Overstaffing with hyper specialized personnel is also my experience with the Americans. I once day-sailed on one of their minesweeper where they had 23 engineers of four different trade designations at a time when we operated the equivalent PB's with 11 of two designations.

I don't think manning these two ships would require more than our current AOR crew. After they were transferred from the USN to the USNS (civilians), their manning went down to about 210-235 (depending on the size of the USN contingent carried). I suspect this means that they did install (if not already there) the various winches and other handling systems designed to reduce manpower requirements. We would not need more manpower just because we would transfer the PRO class current  defensive armament to these two ships after "acquisition". Such transfer of armament we already own after acquisition would also remove any impediment based on US regulations of trade in armament.


----------



## Navy_Pete

I thought the leasing option was going to be 'with crew' with some RCN staff for support/cross training.  Also, I thought in this particular case, they are retiring them as part of the budget cuts, so we should get a deal on them as they want an excuse to keep them going.  Anyone know any different?


----------



## Colin Parkinson

I suspect it would be a small core of key people, mostly on the Engineering side and scattering of deck officers and Cargo specialists supervisors. The ship could come to us hot, with say a 1/2 crew running our guys through a month of alongside training, followed by some light resupply practices close to home, followed by a slightly longer mission to do full resupply at sea with just the small core of US sailors onboard to assist and advise as required. Each ship has it quirks and allowing the crews to work together for a bit reduces the learning time to get a handle on the quirks. Knowing things like "At 12.5kts you always get a bit a vibration in the stern and it's been that way since she was launched" saves a shitload of money investigating a supposed issue that has never hampered the ship beforehand. Not to mention they might have sent oodles of money trying to fix already.


----------



## Rifleman62

The USN sailors might also enjoy a drink after work while at sea.


----------



## Journeyman

Rifleman62 said:
			
		

> The USN sailors might also enjoy a dink after work while at sea.


Interesting typo......


----------



## PMedMoe

Journeyman said:
			
		

> Interesting typo......



 :rofl:


----------



## Colin Parkinson

Your only gay if on the bottom and USN..... 8)


----------



## The Bread Guy

Rifleman62 said:
			
		

> The USN sailors might also enjoy a dink after work while at sea.


Double income no kids?


----------



## Rifleman62

Corrected my typo. My mind was somewhere else, or should I leave well enough alone ......


----------



## jollyjacktar

It's OK, Rifleman.  We had several USN sailors attached to us while we were on OP CARIBBE.  One of them probably would have enjoyed a little, after his shift.  And at any rate, your unintended typo has given me the best laugh of the day. Especially as it was true in his case...


----------



## cameron

Pat in Halifax said:
			
		

> SCSC is long dead. The CSC Project (Canadian Surface Combatant) which replaced it, is alive and well and went to Project Definition phase in Nov 2012. What the hell do you think that mother of all shipyard buildings going up on the Halifax waterfront is for? Yes, AOPS will come first but the design of the building is based on the latest design version for CSC...which is not for public disposition at this time.

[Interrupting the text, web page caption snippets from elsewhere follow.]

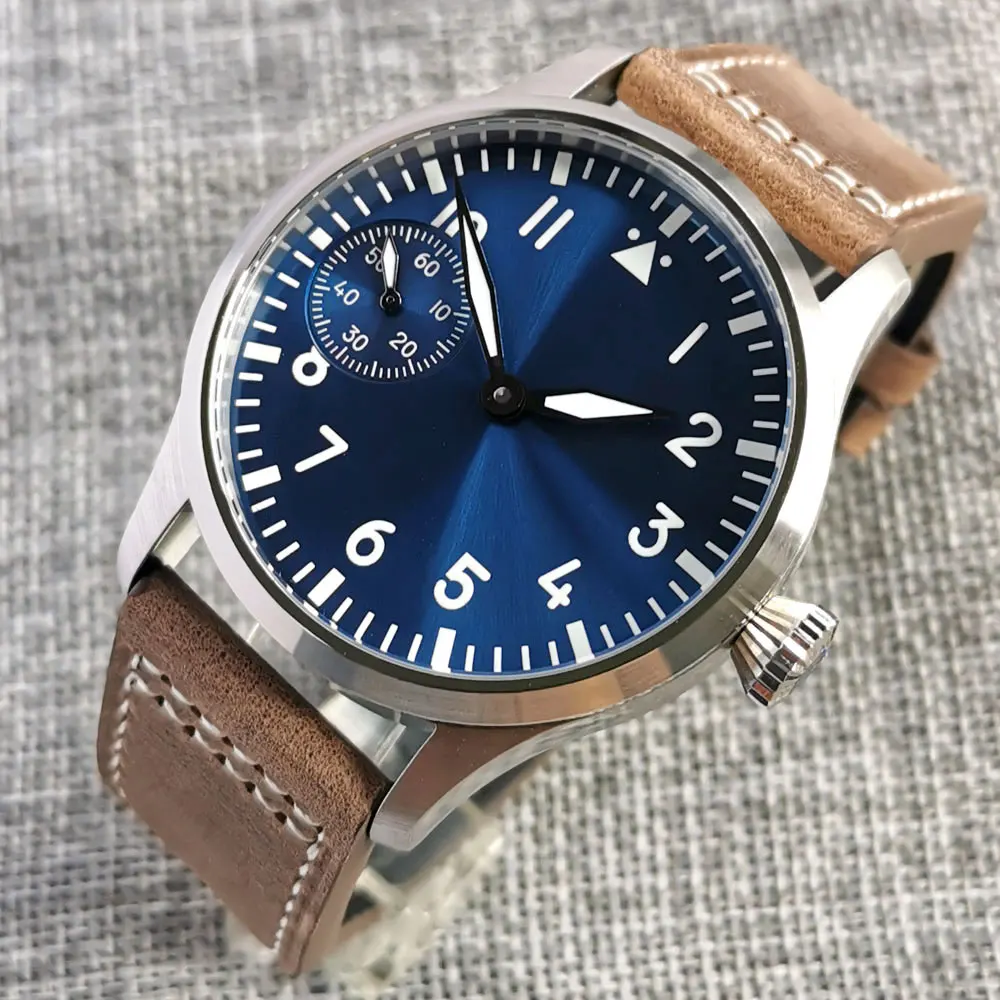 Часы мужские механические с минеральным/сапфировым стеклом, 42 мм 
Часы мужские механические с минеральным/сапфировым стеклом, 42 мм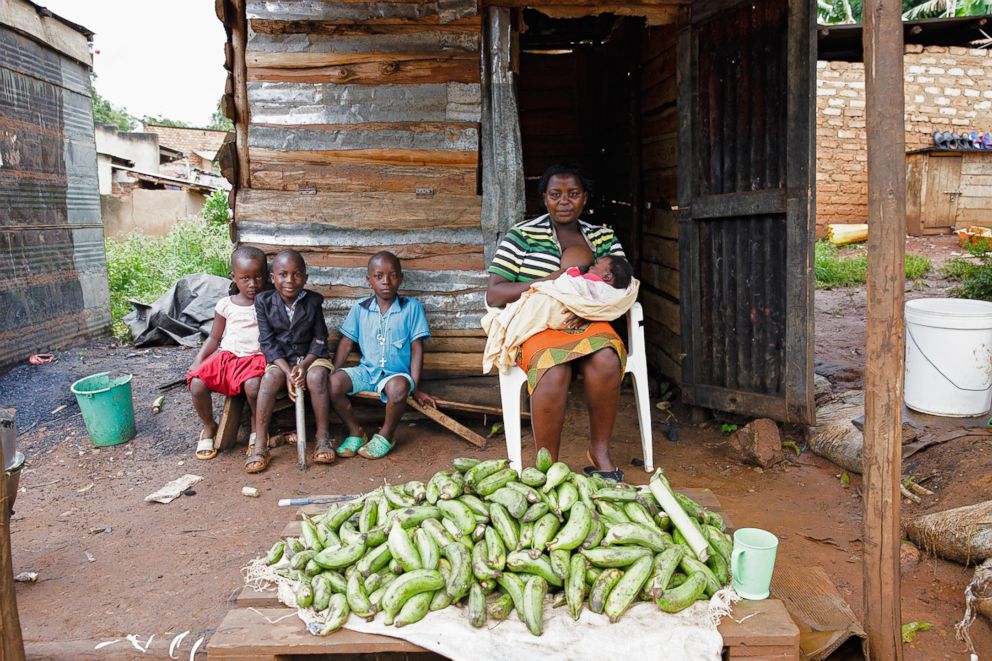 PHOTO: Sylvia poses while breastfeeding in Uganda.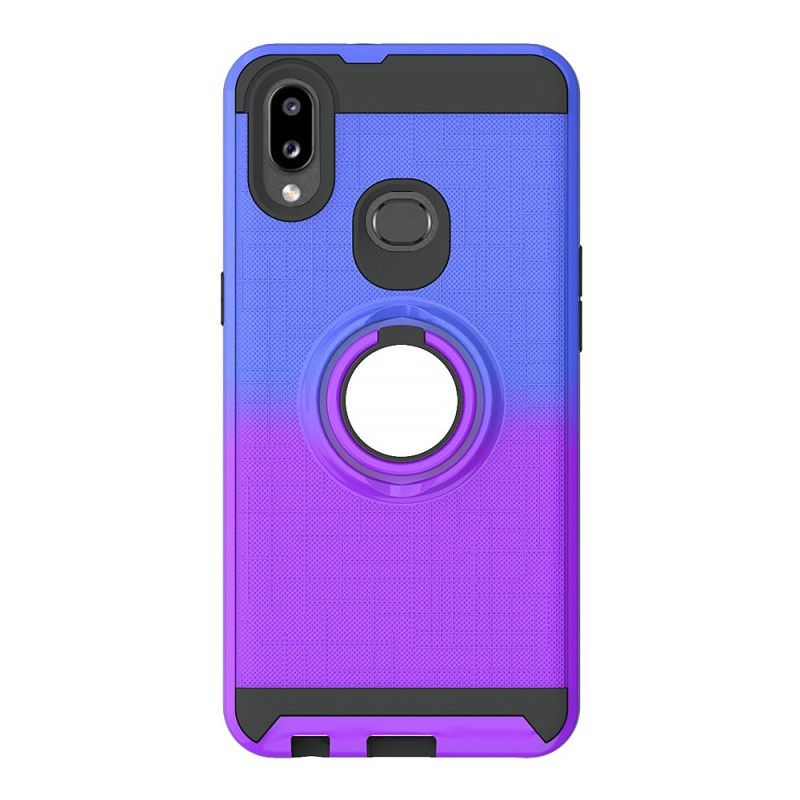 Coque Samsung Galaxy A10s Avec Anneau Gradient Color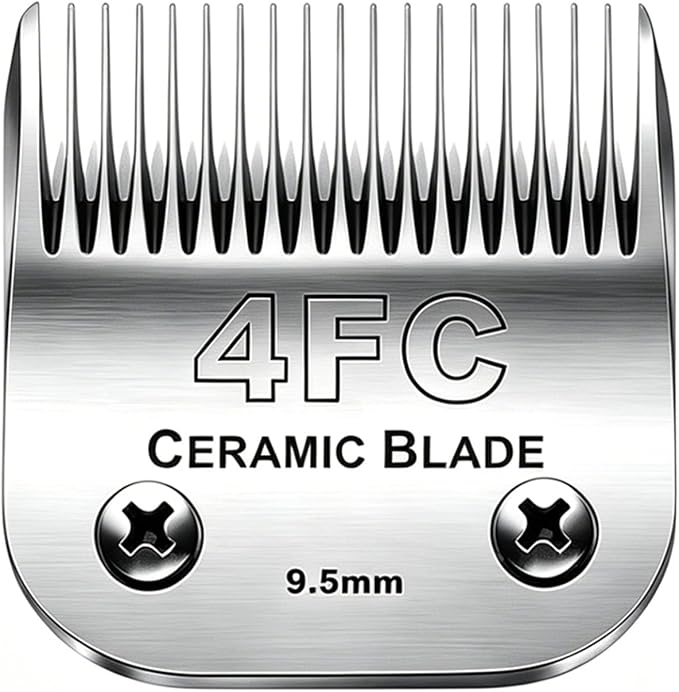 4FC Blade Detachable Pet Clipper Replacement Blades, Ceramic and Stainless Steel, Compatible with Andis, Oster, and Wahl Clippers | Dog Grooming Blade For Oster A5/Wahl KM Series Dog Clipper ,Ceramic Blade & Stainless Steel Blade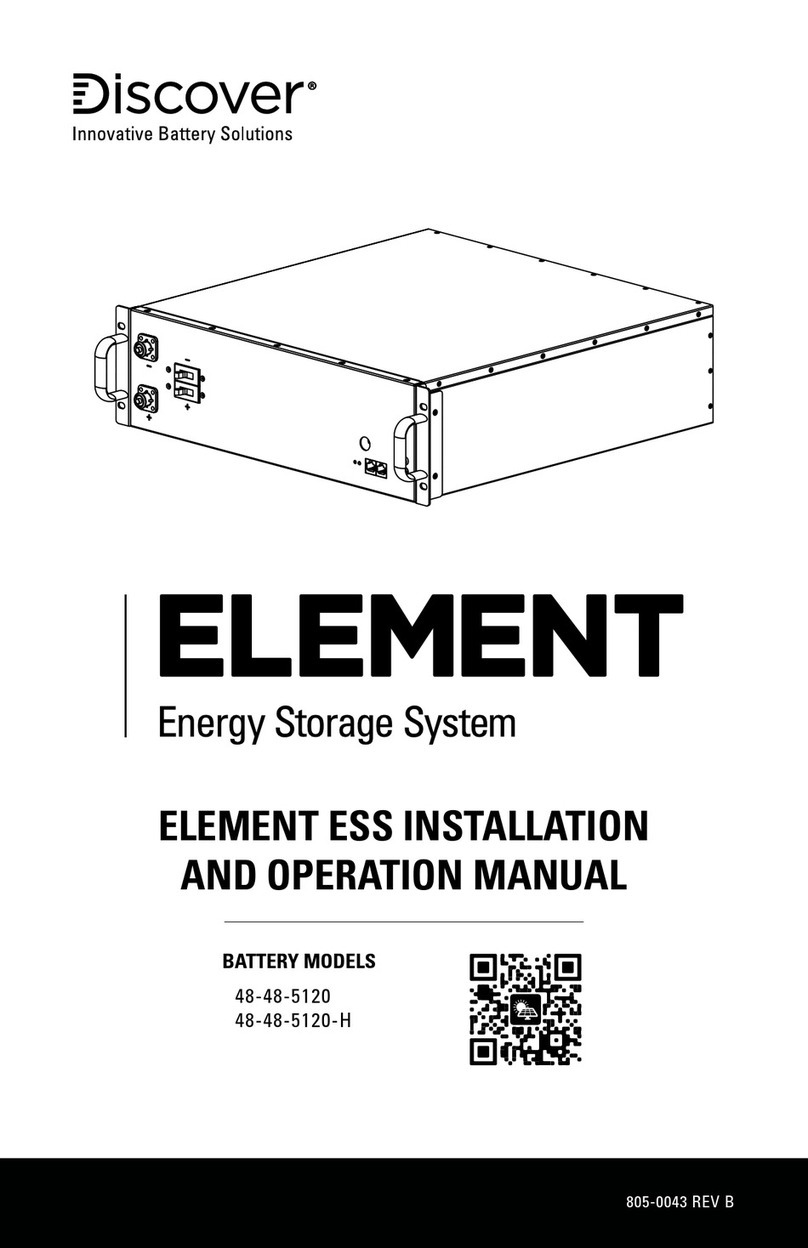 DISCOVER ELEMENT Installation and operation manual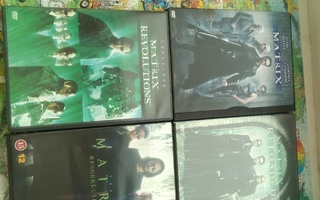 Matrix dvd 1-4 kaikki elokuvat: The Matrix Resurrections dvd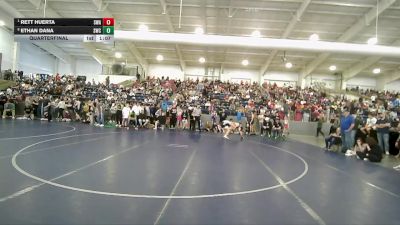 110 lbs Quarterfinal - Rett Huerta, Sanderson Wrestling Academy vs Ethan Dana, Shootbox Wrestling Club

OK I must admit that I'm just learning that SCSC has now been replaced by CSC but whatever the latest acronym is for the future surface combatants, they are still taking too bloody long to come off of the drawing board.


----------



## RedcapCrusader

jollyjacktar said:
			
		

> It's OK, Rifleman.  We had several USN sailors attached to us while we were on OP CARIBBE.  One of them probably would have enjoyed a little, after his shift.  And at any rate, your unintended typo has given me the best laugh of the day. Especially as it was true in his case...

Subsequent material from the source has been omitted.